Starting at a bit under US$6,000 for the version on a strap, the BR 05 Chrono is also competitively priced.

The square case, evolved

Bell & Ross was founded in 1992, but unveiled its defining watch in 2005, the BR 01. Modelled on an aircraft cockpit clock, the BR 01  was one of the “it” watches of the mid 2000s, and has since evolved into the smaller and more manageable BR 03. The BR 05 is essentially a twist on the BR 03, admittedly with a little inspiration from the better-established designs in the luxury-sports watches category.

The size and thickness of the chronograph gives the case more impact. Now the stepped construction from case middle to bezel has more depth, which shows off the contrasting surface finishes better.

Notably, the BR 05 Chrono is actually unexpectedly thin for what it is. The case stands 12.4 mm high, which is only slightly more than a Rolex Daytona.

The case finishing is well done, particularly on the bezel and case middle. The bezel is wide and fairly high, which helps hide some of the height of the watch, with a brushed top and mirror-polished bevel all around.

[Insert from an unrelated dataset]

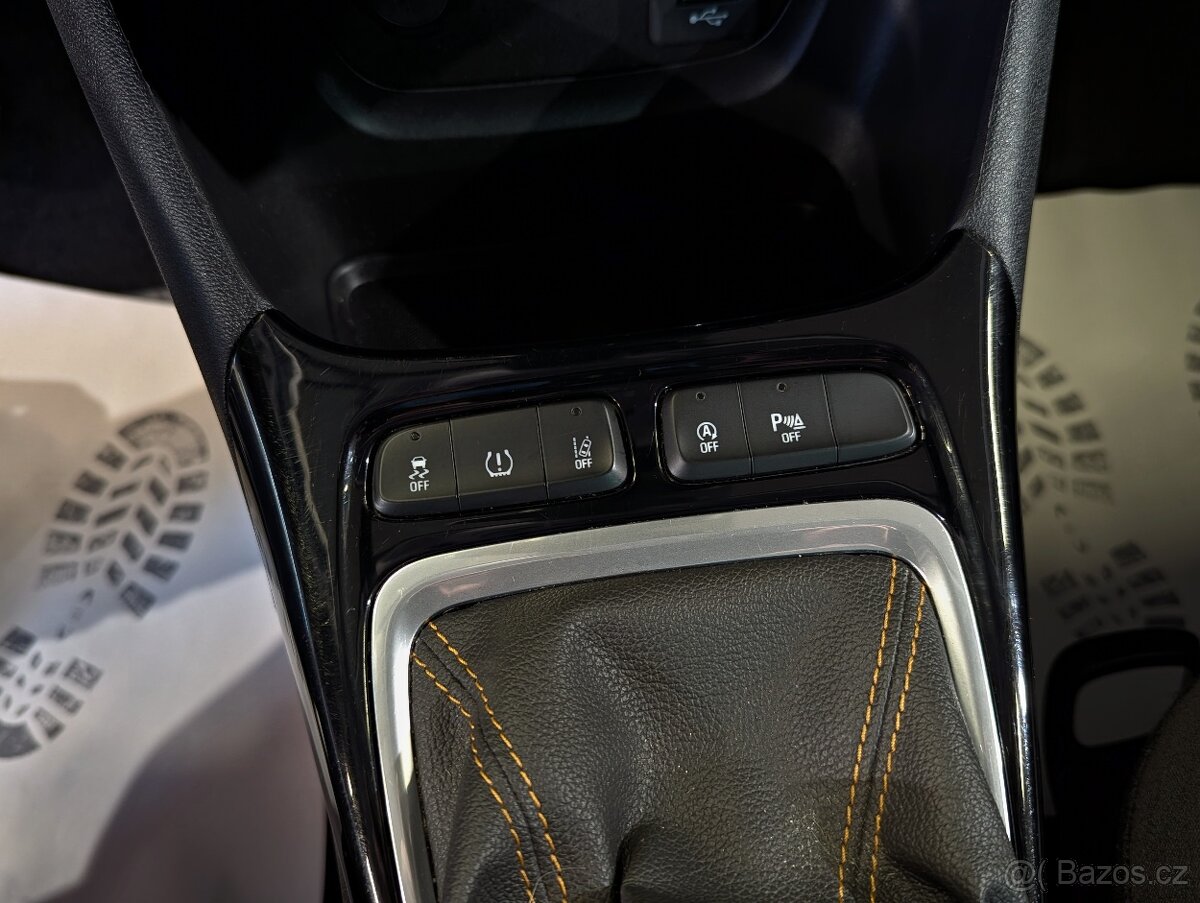 Opel Crossland X 1.2T 96kW INNOVATION, KAMERA, LANE ASSIST - 16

Most illustrative of the finishing quality are the edges between the planes and surfaces – everything is sharp, clean, and well defined. The only aspect of the case that is not as well done are the pushers and crown guard. These are separate parts installed into the case middle, and they have softer lines and edges. This is not obvious on the wrist, and is forgivable given the price.

The buckle is also similarly well finished, although it is of the single-fold type, which can make a perfect fit tricky without a strap of exactly the right length. But with the correctly-sized strap, it wears well.

1970s style

Even though the chronograph relies on the same design elements as the base-model BR 05, it has a distinct look because of the twin chronograph registers. They are square with rounded corners (a shape known as a squircle or superellipse), evoking auto-racing watches of the 1970s.

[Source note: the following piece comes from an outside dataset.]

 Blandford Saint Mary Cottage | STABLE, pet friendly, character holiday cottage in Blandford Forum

The 1970s feel is gentle and not overt as on say a Heuer Monaco. It could have been made more obvious with chunkier hands and block-shaped hour markers, but that would end the unified look of the BR 05 line up.

I would have preferred hands and markers with a bit more character; they are a bit plain on the base model, but on the chronograph the overall look is a good one.

The dial is fairly simple in style but everything is well done. A detail that stands out for its thoughtfulness is the square axis for the hands on the sub-dial that echoes the shape of the register.

Both registers are actually separate discs attached to the main dial and as a result sit in a pronounced recess. The sub-dials are in a lighter colour than the main dial, something that’s more apparent on the blue dial, and finished with stamped, concentric guilloche, or azurage, as is the norm for chronograph sub-dials.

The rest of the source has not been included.